Last year was the warmest on record in California, its driest spell for more than 400 years but a new study says that’s nothing compared to what’s in store.
In a paper, published by the journal Science Advances, researchers from Nasa and Columbia and Cornell universities warn that a vast swathe of the US, including the south-west states and the central plains, may face unprecedented drought conditions, unseen in the past 1,000 years.
In about 35 years, the region’s millennia-long natural cycle of droughts and occasional rainfall is likely to bring an end to the relative dampness of the last century. The effects of that drying, the scientists warn, would be exacerbated by the climate change.
“Nearly every year is going to be dry toward the end of the 21st century,” said Ben Cook from Nasa’s Goddard Institute for Space Studies.
The longer period of dry conditions could devastate the US’s agriculture, decimating both crops and cattle herds, creating huge food shortage and sending food prices sky-rocketing, he said.
The impact of it would be felt by more than 60 million people from San Diego to San Antonio and from Oakland to Omaha, who depend on fast depleting water resources, he cautioned. It would be more pronouced in desert cities such as Las Vegas and Phoenix.
The region experienced similar drought in the 14th century called the “Medieval Climate Anomaly” that led to the demise of some early civilizations in the Americas. The next phase may begin in 2050 and last for over five decades, they said.
Dr Jason Smerdon, a climate scientist at Columbia University’s Lamont-Doherty Earth Observatory and co-author of the study, said: “We are the first to do this kind of quantitative comparison between the projections and the distant past, and the story is a bit bleak.”

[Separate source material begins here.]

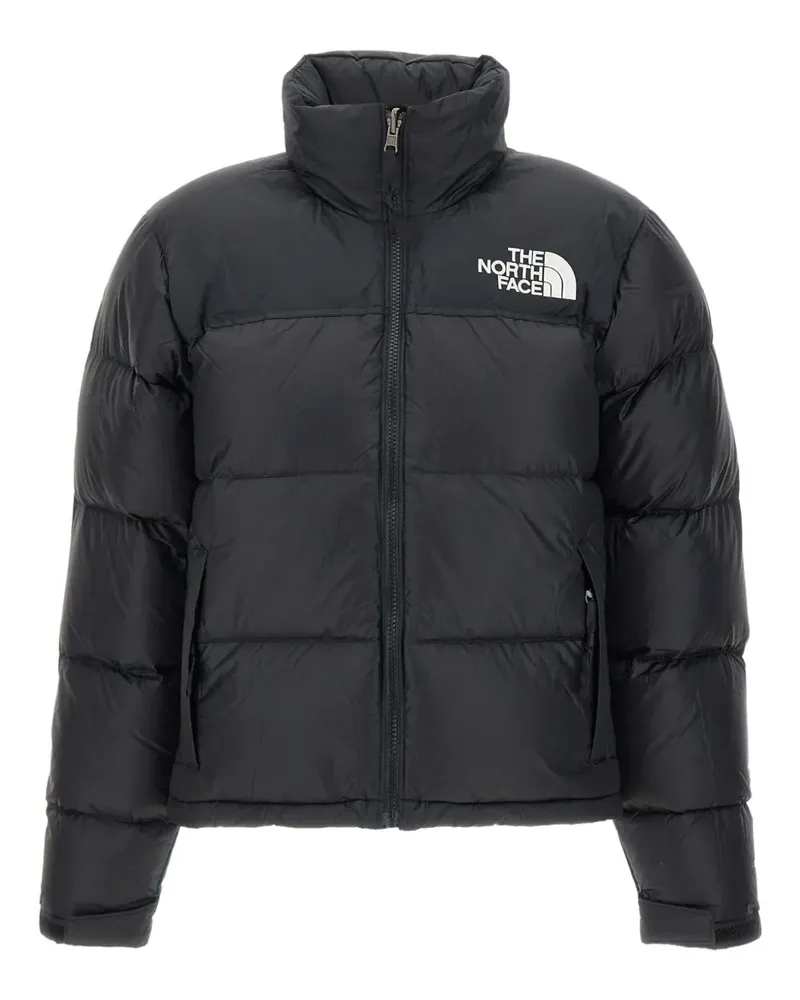 The North Face 1996 Retro Nuptse Jacke - Schwarz Schwarz
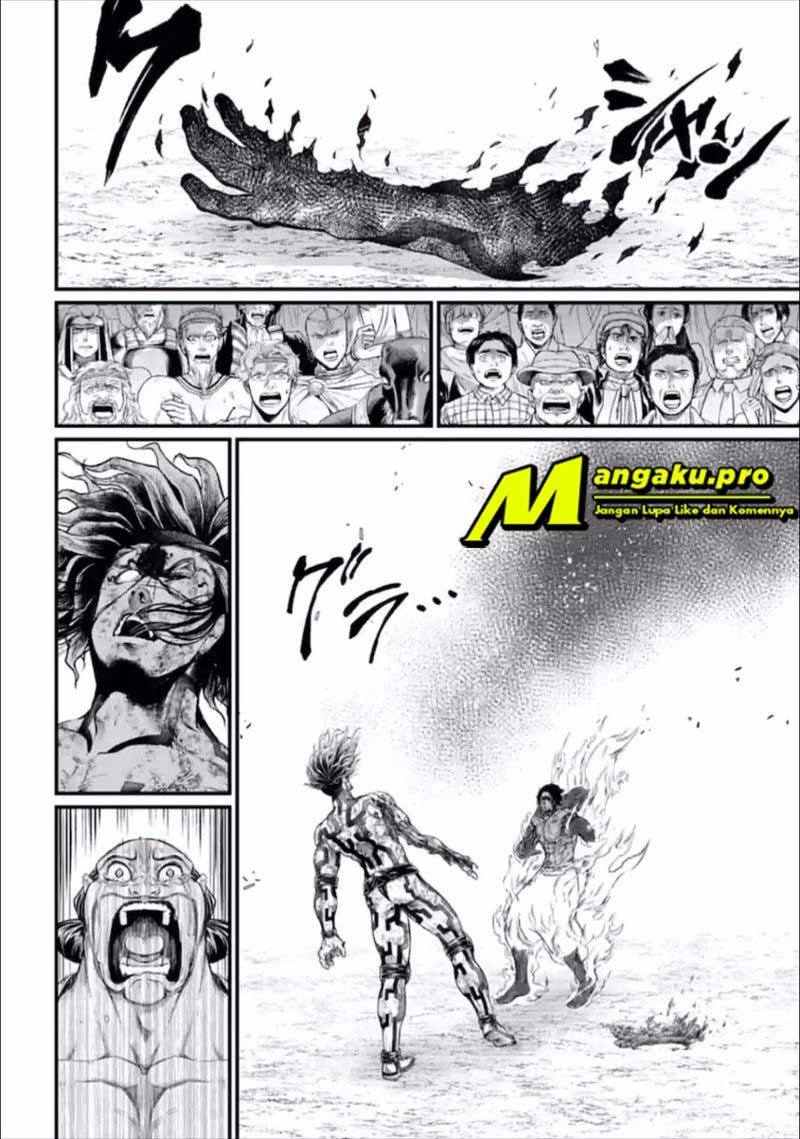 Shuumatsu no Valkyrie Chap 41.2 - Next Chap 42.2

The mega-drought would affect Nevada, Utah, Colorado, New Mexico, Texas, Oklahoma, Kansas, Nebraska, South Dakota, Iowa, Minnesota, Missouri, Arkansas and Louisiana.
The study was based on the rate of rising emissions and on complex climate simulations produced by 17 different computer models, which all broadly agreed on the results.
Ben Cook said, “The droughts people do know about, like the 1930s ‘dustbowl’ or the 1950s drought or even the ongoing drought in California and the south-west today – these are all naturally occurring droughts that are expected to last only a few years or perhaps a decade. Imagine instead the current California drought going on for another 20 years.”
Cook and Smerdon’s co-author Toby Ault, from the Department of Earth and Atmospheric Sciences at Cornell, said climate change would be the main cause behind such a mega-drought.
Presenting the findings during the annual American Association for the Advancement of Science (AAAS) conference in San Jose, California, Ault said: “We’re not necessarily locked into these high levels of mega-drought risk, if we take actions to slow the effects of rising greenhouse gases on global temperatures.”
Perhaps, the recently sent DSCOVR satellite should provide more indepth data about the possibility of the mega-drought now.
For several months, California has been in a state of “exceptional drought.” The state’s usually verdant Central Valley produces one-sixth of the U.S.’s crops.